Selon le représentant du gouvernement autour de la table, cette commission a pour mission principale le toilettage de la liste des ex-enseignants contractuels et d’autres priorités, notamment le statut particulier de l’éducation.
Le département en charge de la Fonction publique se réjouit de cette réunion, qui doit aboutir à l’amélioration des conditions de vie des enseignants du pays. Il en a profité pour rappeler l’importance de la mise en place de cette commission.
« Aujourd’hui, nous avons lancé les travaux de la commission qui doit toiletter la liste des ex-enseignants contractuels ayant fait la biométrie et la pratique de classe, recevoir et examiner les actes de nomination des enseignants occupant des postes de responsabilité et devant bénéficier de primes de fonction, ainsi que finaliser le processus de révision du statut particulier de l’éducation », a précisé Aboubacar Kourouma, secrétaire général du ministère de la Fonction publique.

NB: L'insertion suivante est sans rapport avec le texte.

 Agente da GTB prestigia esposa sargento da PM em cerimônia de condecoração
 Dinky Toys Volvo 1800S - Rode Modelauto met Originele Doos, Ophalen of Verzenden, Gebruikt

Au sortir de cette première journée de rencontre, les représentants des différentes structures syndicales de l’éducation ont, à tour de rôle, expliqué les retards enregistrés dans l’application du protocole d’accord et insisté sur la nécessité d’aboutir à des résultats concrets afin d’éviter un nouveau bras de fer impactant le déroulement normal des cours.

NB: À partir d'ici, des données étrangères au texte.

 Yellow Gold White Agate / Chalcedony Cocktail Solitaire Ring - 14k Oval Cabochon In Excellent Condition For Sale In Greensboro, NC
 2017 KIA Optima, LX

« Suite aux différentes communications que nous avons eues de la part des syndicats de l’intersyndicale de l’éducation, le gouvernement avait déjà pris des dispositions, mais c’est aujourd’hui que cela s’est matérialisé à travers la rencontre des trois commissions mises en place dans le cadre de la poursuite des négociations », soutient Aboubacar Soumah.
Pour sa part, la syndicaliste Kadiatou Bah se dit rassurée quant au démarrage des travaux des commissions.

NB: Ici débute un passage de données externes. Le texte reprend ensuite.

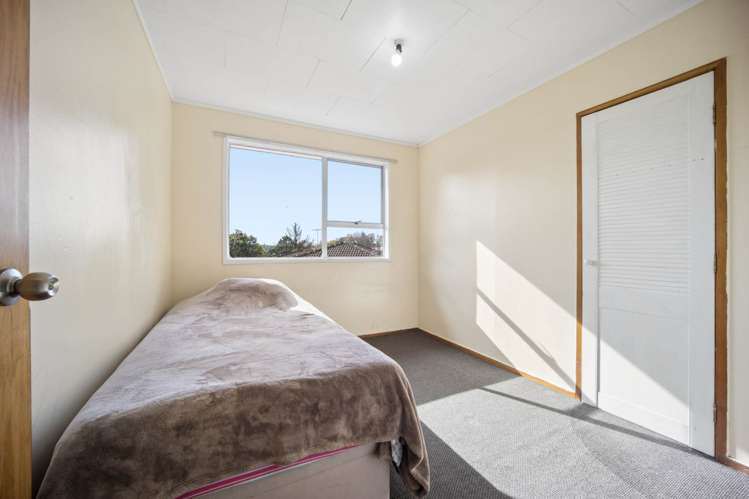 18 Zingaro Place Massey_14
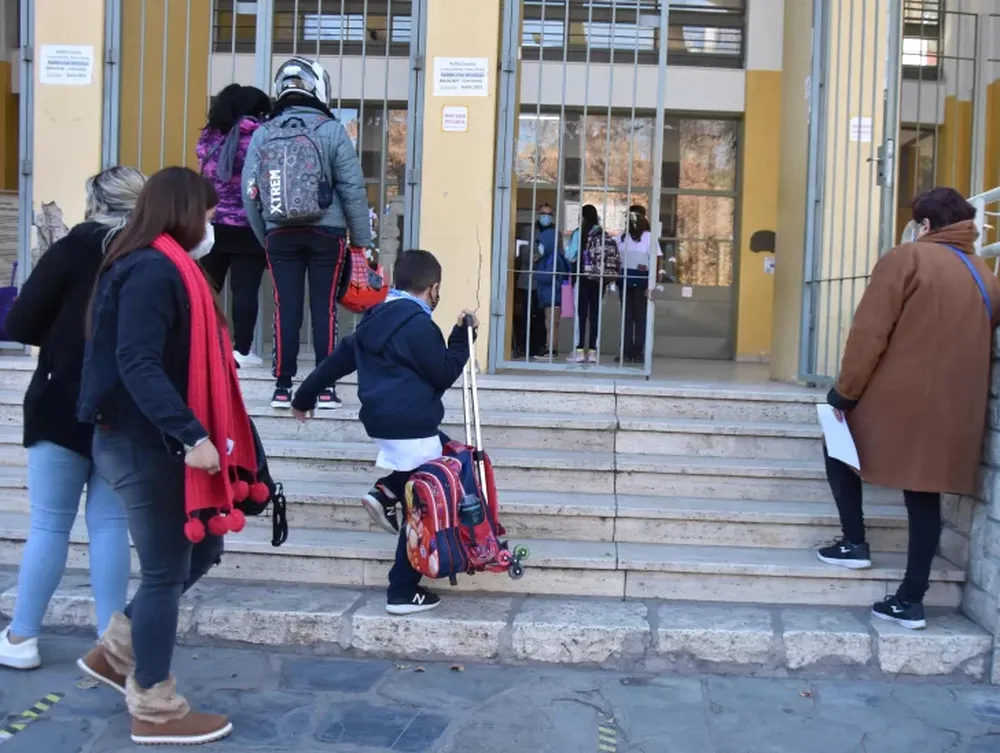 Por el paro de colectivos, Educación justificará la inasistencia de alumnos y docentes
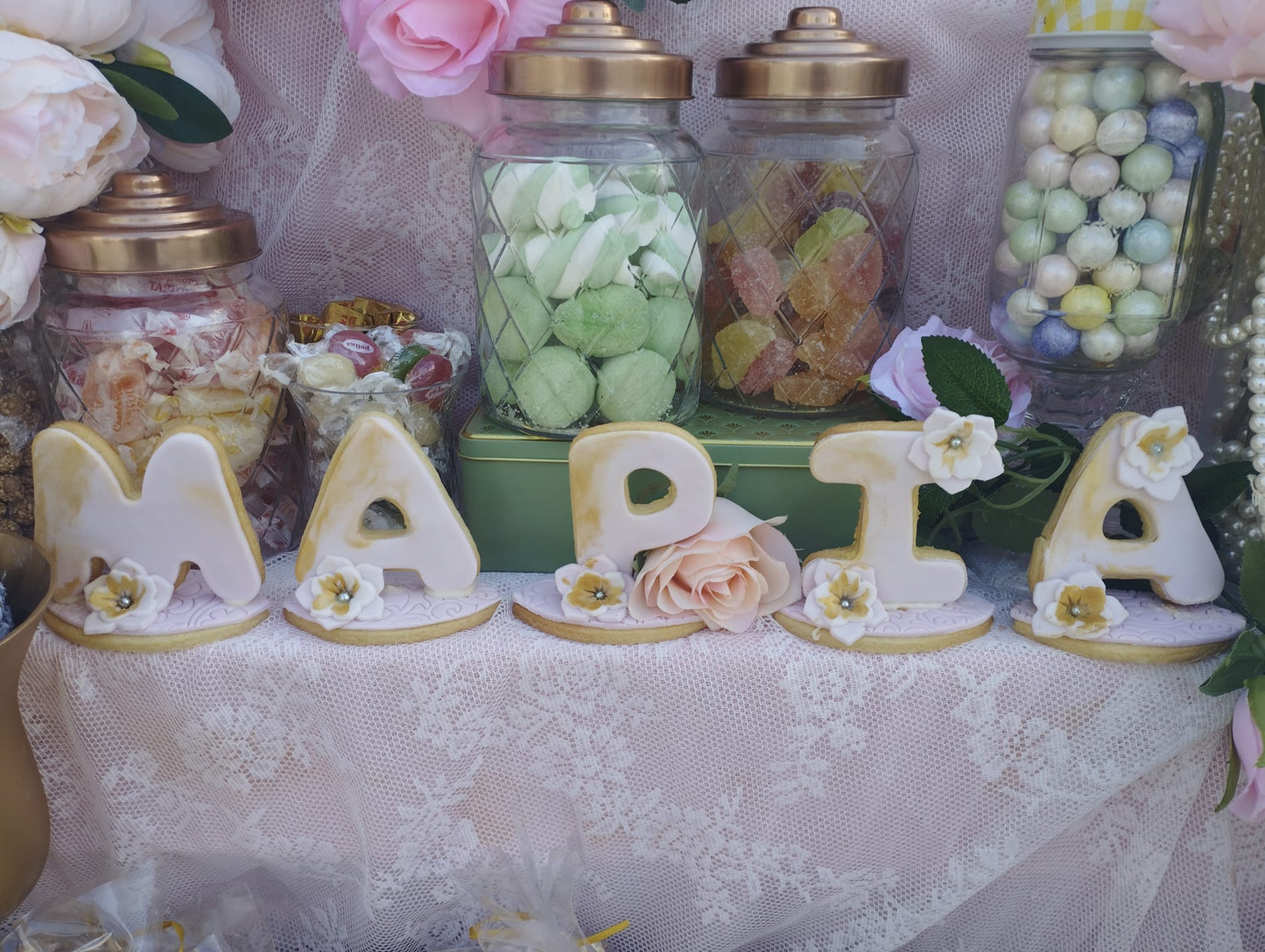 Candy bar 100 ατόμων με θέμα Κύκνος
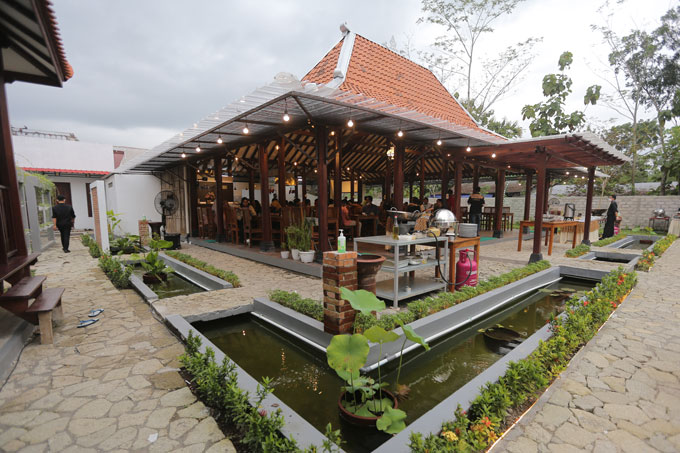 Pilihan Tempat Makan Kampung Favorit Keluarga di Jogja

« Les travaux vont redémarrer en commission. Ce sont trois commissions qui doivent travailler sur les différents points et problématiques, mais surtout sur le point nodal qu’est la révision du statut particulier », a-t-elle précisé.
Le grand absent autour de la table est le SNASUR. Cette structure syndicale de l’enseignement supérieur ne souhaite pas prendre part à la convention sur le statut particulier de l’éducation. Elle souhaite certainement disposer d’un statut particulier propre à l’enseignement supérieur, comme l’a précisé un syndicaliste de l’enseignement technique.
« Le SNASUR, après avoir été invité à désigner les cadres devant intégrer les différentes commissions, a jugé nécessaire de se mettre en retrait pour négocier directement avec les autorités, estimant qu’il a des spécificités qui ne peuvent pas être confondues avec celles de l’enseignement préuniversitaire et de l’enseignement technique. C’est la liberté syndicale, c’est leur volonté d’aller dans cette voie », a-t-il expliqué.
En attendant, la menace de lever la suspension du mot d’ordre de grève annoncée par l’intersyndicale SNE-FSPE reste toujours d’actualité, puisqu’aucune communication officielle n’a encore été faite par les structures concernées.